Let’s start by taking a look at the default implementation provided by include/asm-generic/io.h. The outb function, as follows, wraps up a __raw_writeb inside some barriers:

#ifndef outb
#define outb outb
static inline void outb(u8 value, unsigned long addr)
        __raw_writeb(value, PCI_IOBASE + addr);

The first point to note here is that we’re using the everyday writeb function to write an address within our processor’s memory address space. In other words this is memory mapped I/O (MMIO). The I/O address we are writing to is just another address in our large address space.

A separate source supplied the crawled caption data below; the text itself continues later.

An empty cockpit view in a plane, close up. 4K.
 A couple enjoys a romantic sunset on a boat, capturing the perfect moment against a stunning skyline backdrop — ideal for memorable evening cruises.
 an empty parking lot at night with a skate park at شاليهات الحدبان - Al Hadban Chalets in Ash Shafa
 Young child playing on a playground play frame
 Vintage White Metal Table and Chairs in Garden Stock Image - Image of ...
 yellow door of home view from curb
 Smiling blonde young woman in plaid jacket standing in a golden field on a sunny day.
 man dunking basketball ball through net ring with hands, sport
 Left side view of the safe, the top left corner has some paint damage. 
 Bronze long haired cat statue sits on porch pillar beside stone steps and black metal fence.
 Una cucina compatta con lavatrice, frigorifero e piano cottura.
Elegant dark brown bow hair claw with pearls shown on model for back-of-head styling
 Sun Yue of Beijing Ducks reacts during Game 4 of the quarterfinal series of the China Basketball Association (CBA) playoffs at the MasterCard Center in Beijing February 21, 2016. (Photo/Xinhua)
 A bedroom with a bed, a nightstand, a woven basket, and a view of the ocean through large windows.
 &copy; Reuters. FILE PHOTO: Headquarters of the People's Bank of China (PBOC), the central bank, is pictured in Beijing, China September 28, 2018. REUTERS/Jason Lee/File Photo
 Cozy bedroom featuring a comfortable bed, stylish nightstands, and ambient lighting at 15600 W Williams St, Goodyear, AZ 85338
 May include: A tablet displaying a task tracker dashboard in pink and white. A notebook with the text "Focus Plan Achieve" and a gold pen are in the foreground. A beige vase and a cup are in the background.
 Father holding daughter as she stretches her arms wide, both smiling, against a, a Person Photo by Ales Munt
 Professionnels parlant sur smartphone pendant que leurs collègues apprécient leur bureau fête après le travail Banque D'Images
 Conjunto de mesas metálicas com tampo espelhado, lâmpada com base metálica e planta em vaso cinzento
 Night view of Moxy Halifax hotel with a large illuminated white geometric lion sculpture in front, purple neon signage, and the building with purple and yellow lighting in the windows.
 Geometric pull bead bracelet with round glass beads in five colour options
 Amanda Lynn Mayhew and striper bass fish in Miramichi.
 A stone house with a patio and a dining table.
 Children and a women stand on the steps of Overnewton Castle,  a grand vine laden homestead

This makes sense for ARM as this architecture doesn’t support I/O – unlike x86 it has no CPU instructions for issuing I/O transactions, it has no separate bus for I/O transactions and it has no separate address space for them either. (And just in case you’re wondering, x86 doesn’t use the default implementation as per include/asm-generic/io.h – it instead provides its own in arch/x86/include/asm/io.h – look for the BUILDIO macros – they simply translate to the ‘out’ assembly instruction.)

The second point to note is that the address is actually an offset, an offset to PCI_IOBASE. Why PCI? Well, even though a CPU architecture might not have support for I/O, it may be connected to a bus that does – and the most common bus with I/O support is the PCI bus. If you plug in a PCI card that needs to be programmed with I/O transactions – you need a way of issuing I/O transactions on its bus – for these architectures the way this is achieved is for the PCI host bridge peripheral to provide a memory region that when read from or written to will generate I/O transactions on the PCI bus. And therefore PCI_IOBASE points to this area in the processors address space.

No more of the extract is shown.